The family continued to play music secretly, “but then my father received multiple death threats that we either quit music or basically the whole family will be killed.”

So in 2006, Alghazali, then about 10 or 11 years old, fled to Jordan with her mother, four siblings, and violin. The family was “planning to stay for a week,” she says. The family learned that Alghazali’s mother had cancer shortly after arriving. Her father followed the family to Jordan after learning of the diagnosis, but had to return to Iraq to earn money for the treatment. The rest of the family did not return to Iraq.

After nine years and multiple applications, Alghazali and her brothers and sisters were granted United States visas and went to live with their grandparents in San Diego. Alghazali’s mother had died in Jordan.

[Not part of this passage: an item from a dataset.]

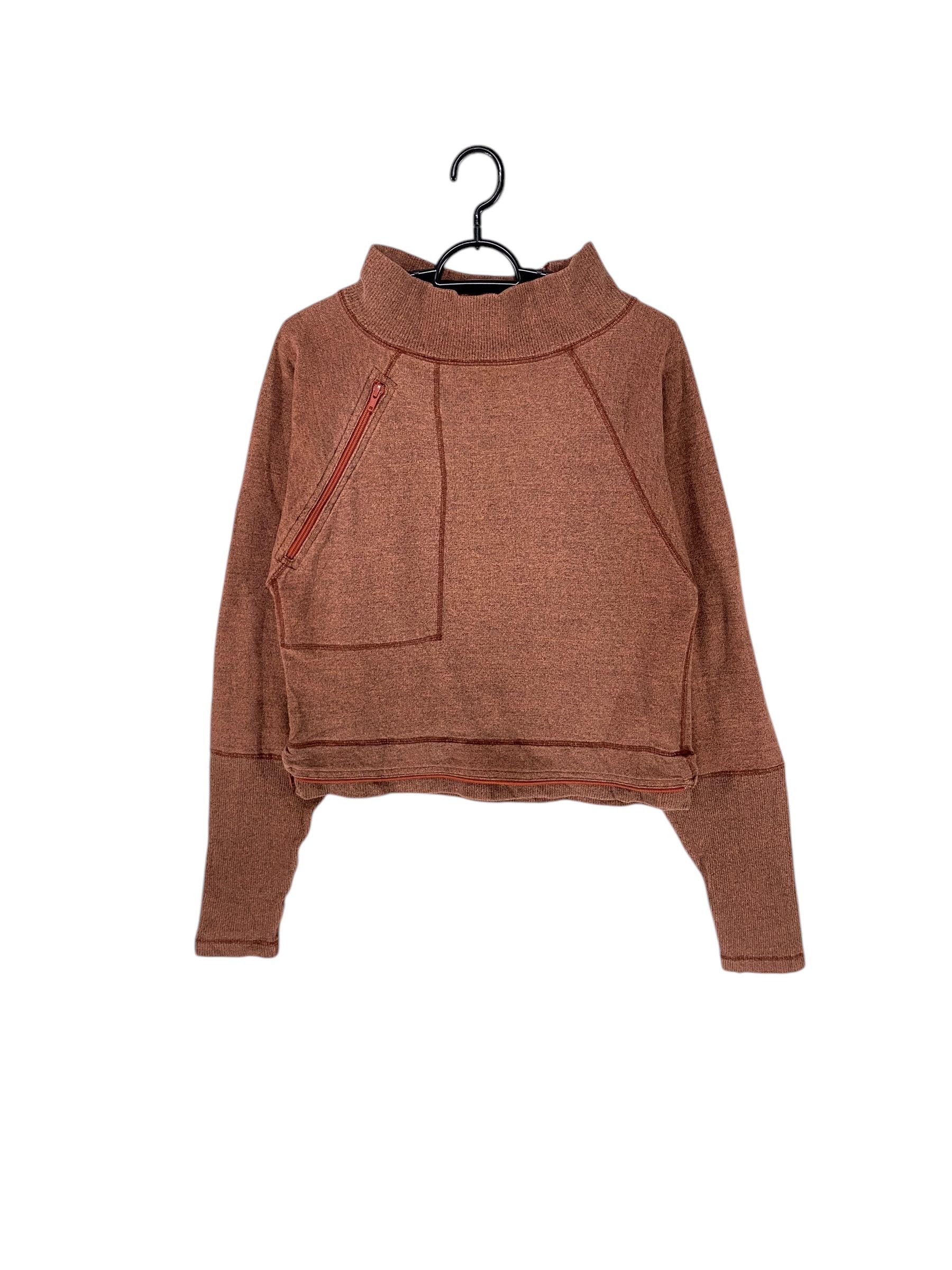 Designer × Issey Miyake 80s Issey miyake logo asymmetrical zipper cropped sweater Size S / US 4 / IT 40 - 2 Thumbnail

In San Diego, the siblings formed a musical group called Melody for Peace, which donates proceeds from its appearances to refugees.

As a young girl in Iraq, Alghazali says, “society chose a path for you.” But in the U.S., she became interested in law school.

“It’s a responsibility that I need to be able to do this because I’ve been on both sides and I lived in a world where I didn’t have rights and I didn’t have opportunities and then I was offered these rights and opportunities in the United States,” she says of her choice to pursue law. “So I was enlightened and then at the same time empowered to be able to give back and give those people who are still struggling, who are still oppressed, giving them the opportunities that I was offered when I was in their situation.”

After earning her Bachelor of Science in Public Policy at Georgia State University, Alghazali chose Scalia Law because she of her interest in international law. She notes that the D.C. area is the “perfect place” to pursue that interest.

“I’m mostly thinking about government,” she says of her career plans. Despite the setback in the spring of 2020, she continues to set her sights on the State Department.

“Always keep your options open,” she says, “and try and create your own opportunities.”